• **What you have to do**
Return the lines of the listing below exactly as they appear, beginning at the one with "Life Is Good Other" and stopping after the one with "The image shows"; do not include pictures.

• **Available data**
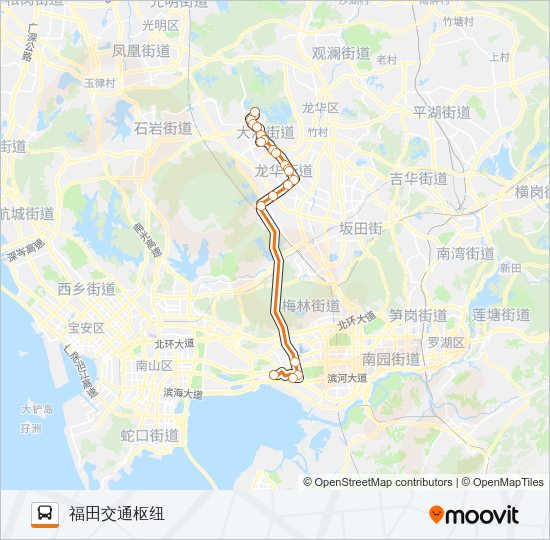 公交高峰快70路的线路图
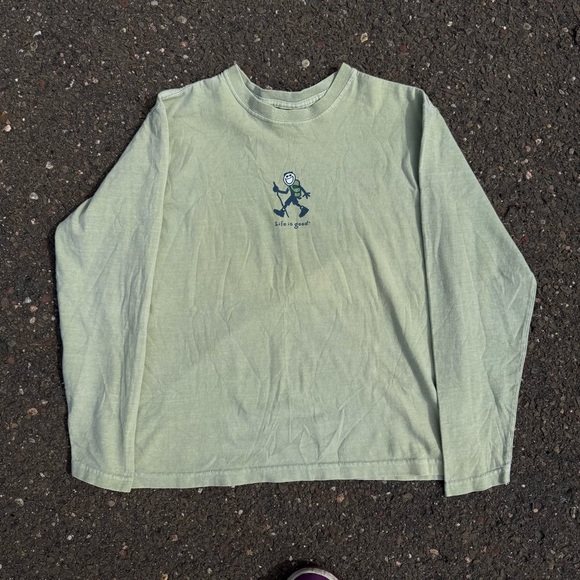 Life Is Good Other - Life Is Good Light Sage Long Sleeve Tee with Small Navy Graphic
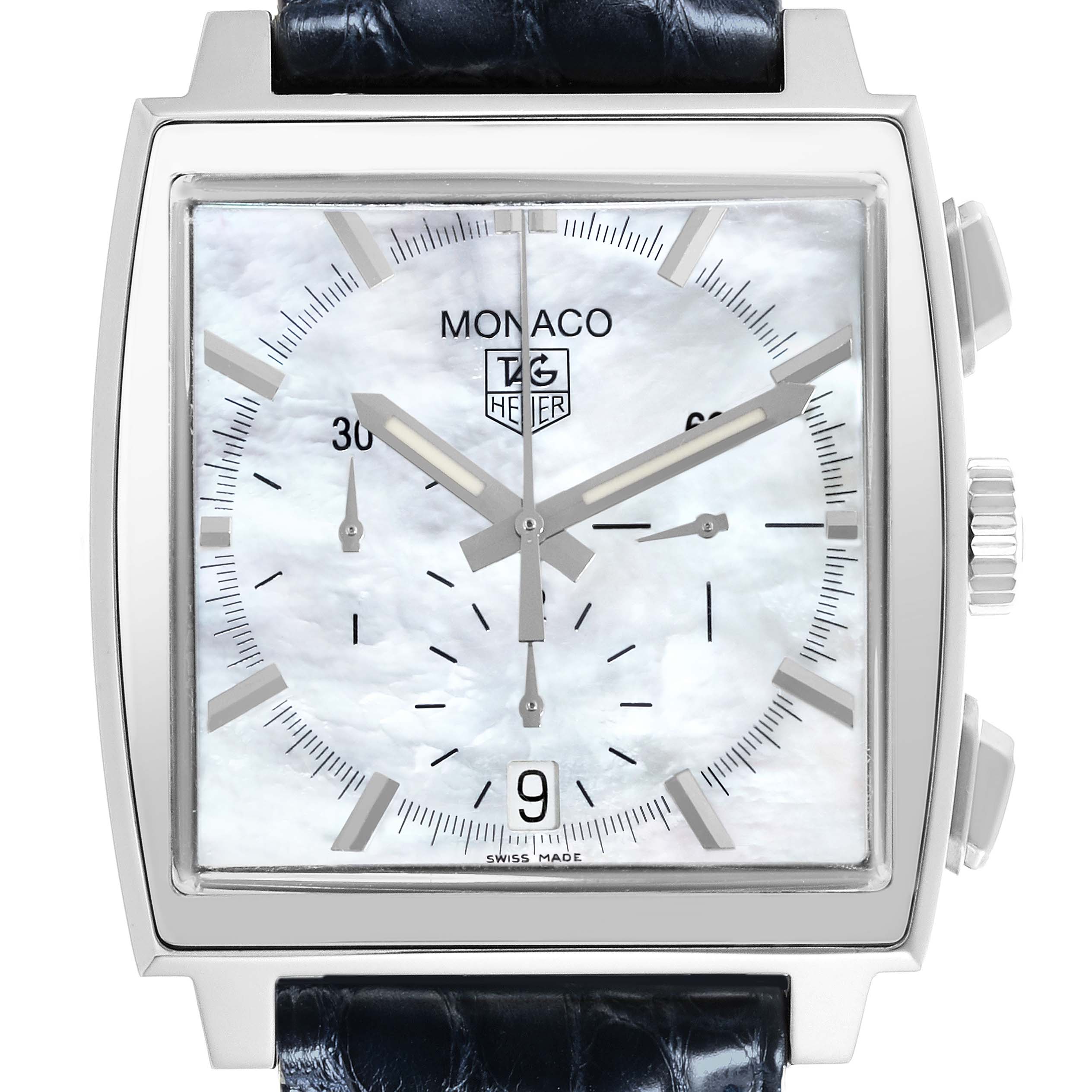 The image shows a front view of the Tag Heuer Monaco CW2119 Men's Stainless Steel Mother of Pearl Dial CW2119 Men's Stainless Steel Mother of Pearl Dial watch, highlighting its square case, dial details, and strap.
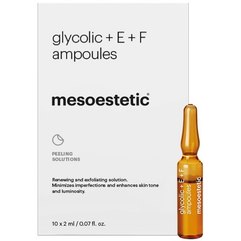 Ампулы с гликолевой кислотой с витаминами Е + F Mesoestetic Ampoules Glycolic Acid 10% + Vit. Е+F, 10 х 2 ml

• **Exercise result**
 Life Is Good Other - Life Is Good Light Sage Long Sleeve Tee with Small Navy Graphic
 The image shows a front view of the Tag Heuer Monaco CW2119 Men's Stainless Steel Mother of Pearl Dial CW2119 Men's Stainless Steel Mother of Pearl Dial watch, highlighting its square case, dial details, and strap.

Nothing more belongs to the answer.